Quinns: Good morning, Ava! I understand that you just mainlined the latest episode of Game of Thrones before coming to work.
Ava (they/them): I’m definitely trying to squeeze so much into to today that I’m genuinely offended they tagged on an extra twenty minutes to this episode. I’ve got a game of Twilight Imperium set up downstairs, and by the end of the day someone is going to rule the galaxy.
But more important than the galactic throne, the iron throne, or even just the throne throne? It’s the news throne, baby, and someone’s got to sit in it.
Quinns: Let’s take turns? So nobody has to die?
Our top story this week: German specialist publisher Spielworxx tweeted some new box art, which informed the staff of SU&SD that they’re developing a new edition of classic 1986 board game Die Macher.
Now, I’m sure Die Macher is fascinating, but it does sound like a board game that you might see played in a sitcom. Players represent political parties in competing in elections across seven of Germany’s sixteen Länder (German for ‘lands’). For *four hours*, you’re going to be checking favorability ratings, playing “shadow cabinet cards”, and trying to manage the media and your own grassroots activists.

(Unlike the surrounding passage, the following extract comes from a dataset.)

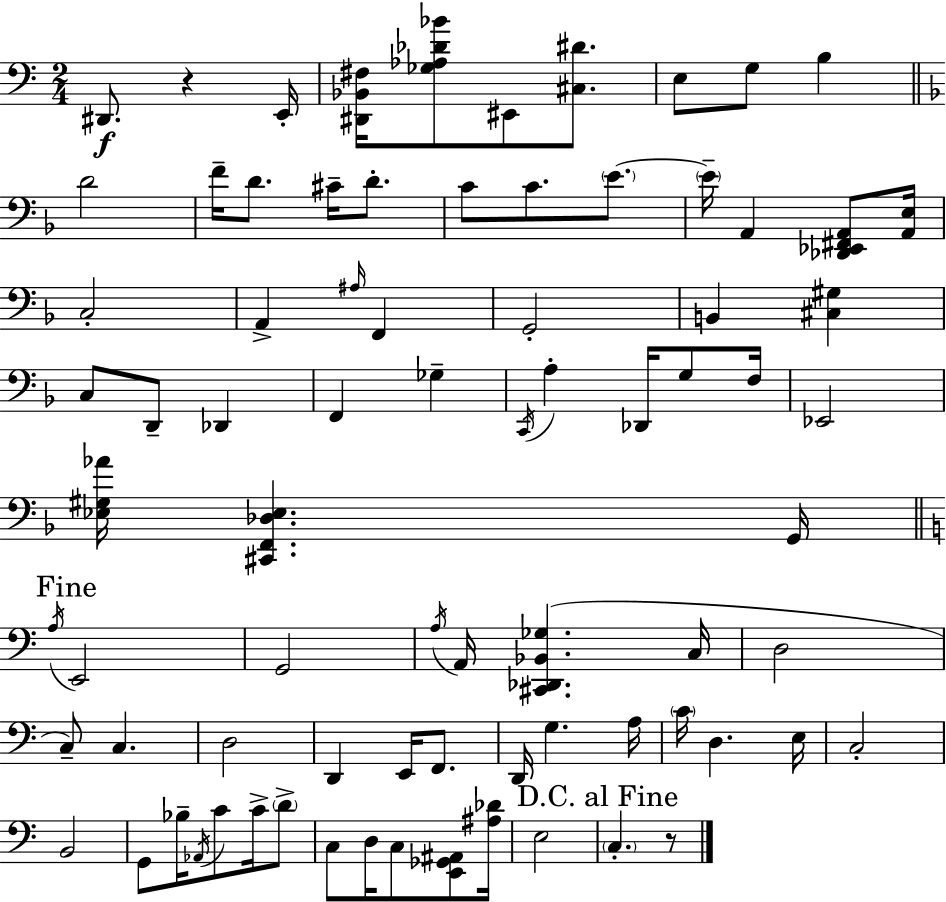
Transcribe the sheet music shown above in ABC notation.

That said, there’s certainly some stuff here that tickles my ballot.
Ava: Do I want to know what that means?
Quinns: For example, players can choose whether to accept financial contributions from special interests at the risk of alienating their supporters, and there are mechanics where players can (and sometimes must) form coalitions if nobody gets enough votes.
Ava: It must be an actual nightmare trying to come up with a game as fiddly and mean as modern politics. I love that earlier editions of this got to up the player count due to the reunification of Germany.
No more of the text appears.